* Stored dataset items
_____
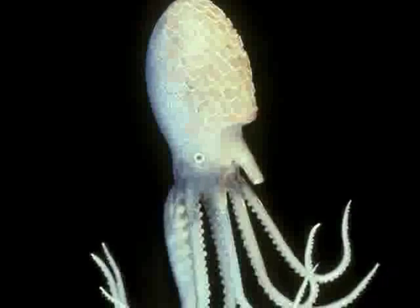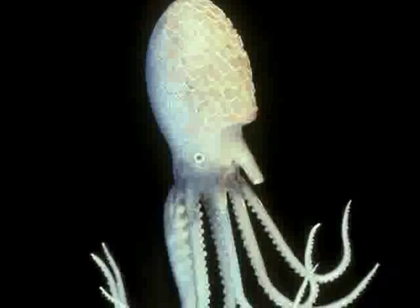Everything in this case was made by a father and his son, Leopold and Rudolf Blaschka. It's all made of glass, except for two items.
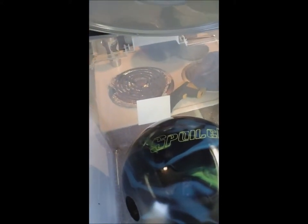Trying it now with a Spoiler ball that I've recently thrown, and I put a fresh 2000 surface on it. We'll give it the same treatment — 10 minutes and see if we can get some oil out. The Villain hadn't been thrown in three or four months, so the oil might be too deep to get out. The Spoiler has a matte 2000 finish on it.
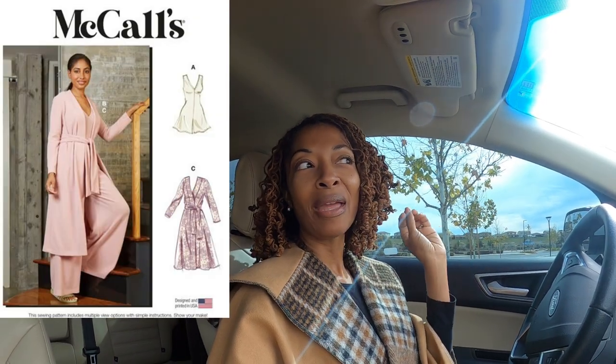For my next sewing make, I want to make a knit jumpsuit. It's one of the Macaws patterns. It has a romper and a jumpsuit on it, and it looks like it's really, really simple. So I am going to go to Joann's right now and hopefully find some nice knit fabric to make this jumpsuit in.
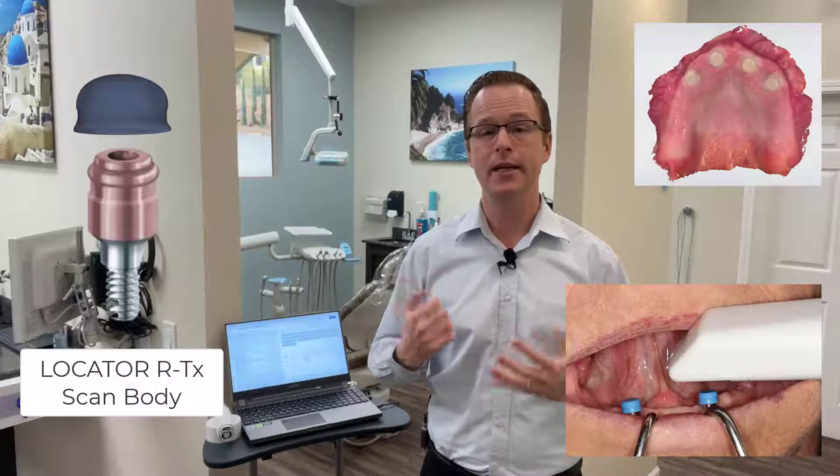It's a scan body designed to make intraoral scanning for dentureless ridges simpler, faster, and easier. When imaging for a traditional Locator or Locator RTX case, historically I've used the actual housing normally picked up inside of the overdenture — the shiny metal Locator housing, either silver for the Locator system or pink for the Locator RTX system. Most intraoral scanners have trouble scanning a super shiny metallic surface, and combined with scanning a dentureless ridge, which is normally hard to scan alone, adding a super shiny metal object makes it really tricky to image effectively.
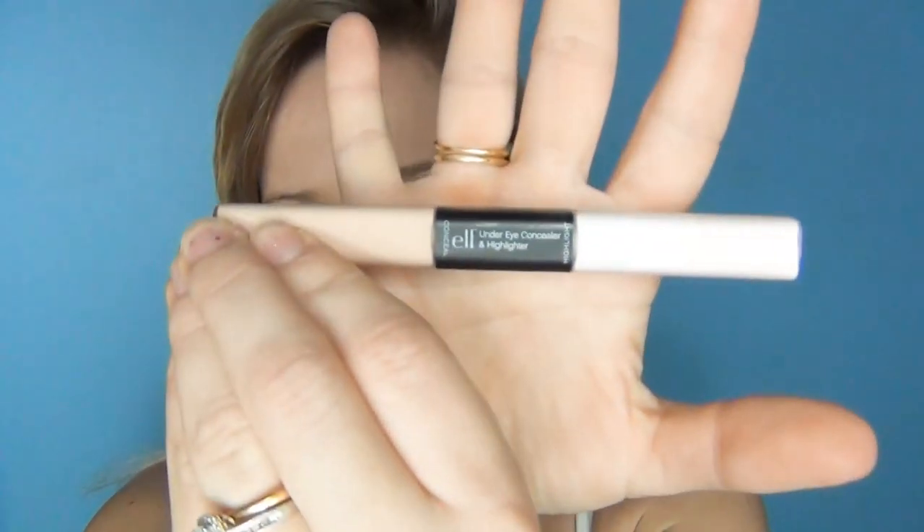I'm now going to conceal under my eyes using my Under Eye Concealer and Highlighter by ELF. I'm just going to highlight a little bit around here and pop a little bit down here as well. This is a really lightweight concealer so it isn't going to add any cakiness, which I love about it.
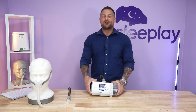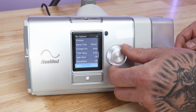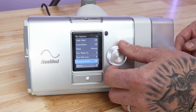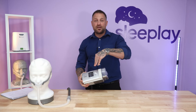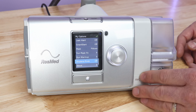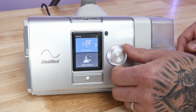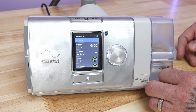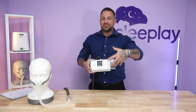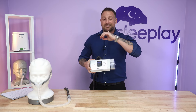On the front of the AirCurve V Auto you have ramp time, leak detection, climate control, tube temperature, smart start, mask type selection, and mask fit and warm-up options. There's also an airplane mode if you're traveling — check sleeplay.com for battery options. Below the options we have the sleep report, which pops up every time the machine shuts off. It gives you a generalized sleep report showing your mask leakage and humidifier status.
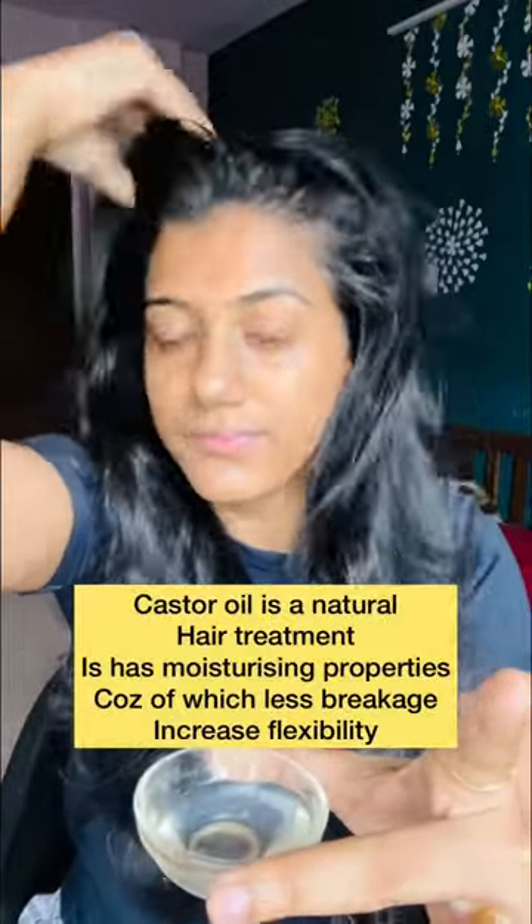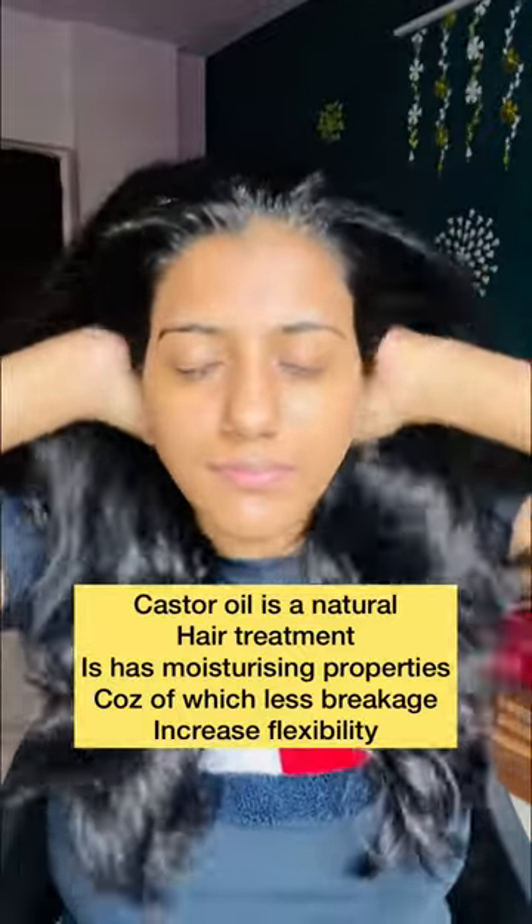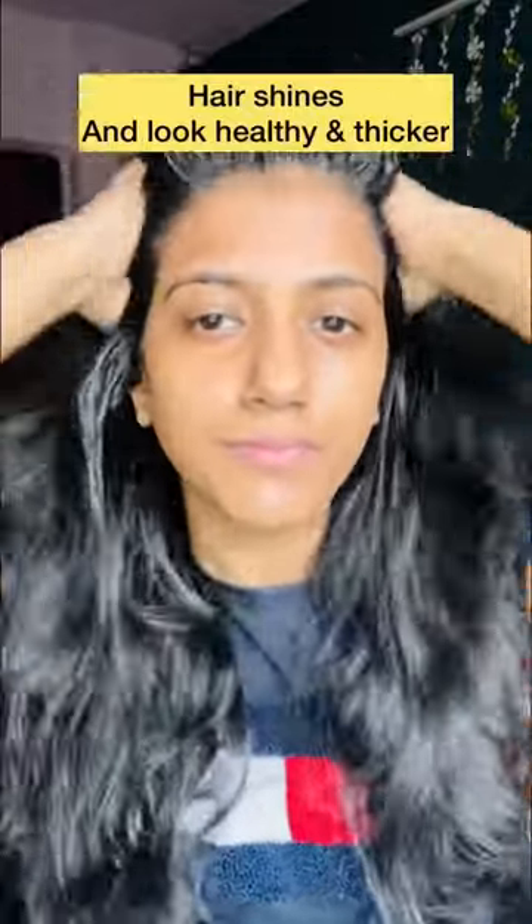Castor oil is a natural hair treatment. It has moisturizing properties, because of which there is less breakage and increased flexibility. Because of this, your hair shines a lot and it gives a healthy look and a thicker look as well.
_____
* THE PROBLEM
Repeat, exactly and only, the lines from the one containing "It's a scan" through the final line of the data, both ends included, leaving out any picture.

* YOUR SOLUTION
It's a scan body designed to make intraoral scanning for dentureless ridges simpler, faster, and easier. When imaging for a traditional Locator or Locator RTX case, historically I've used the actual housing normally picked up inside of the overdenture — the shiny metal Locator housing, either silver for the Locator system or pink for the Locator RTX system. Most intraoral scanners have trouble scanning a super shiny metallic surface, and combined with scanning a dentureless ridge, which is normally hard to scan alone, adding a super shiny metal object makes it really tricky to image effectively.
I'm now going to conceal under my eyes using my Under Eye Concealer and Highlighter by ELF. I'm just going to highlight a little bit around here and pop a little bit down here as well. This is a really lightweight concealer so it isn't going to add any cakiness, which I love about it.
On the front of the AirCurve V Auto you have ramp time, leak detection, climate control, tube temperature, smart start, mask type selection, and mask fit and warm-up options. There's also an airplane mode if you're traveling — check sleeplay.com for battery options. Below the options we have the sleep report, which pops up every time the machine shuts off. It gives you a generalized sleep report showing your mask leakage and humidifier status.
Castor oil is a natural hair treatment. It has moisturizing properties, because of which there is less breakage and increased flexibility. Because of this, your hair shines a lot and it gives a healthy look and a thicker look as well.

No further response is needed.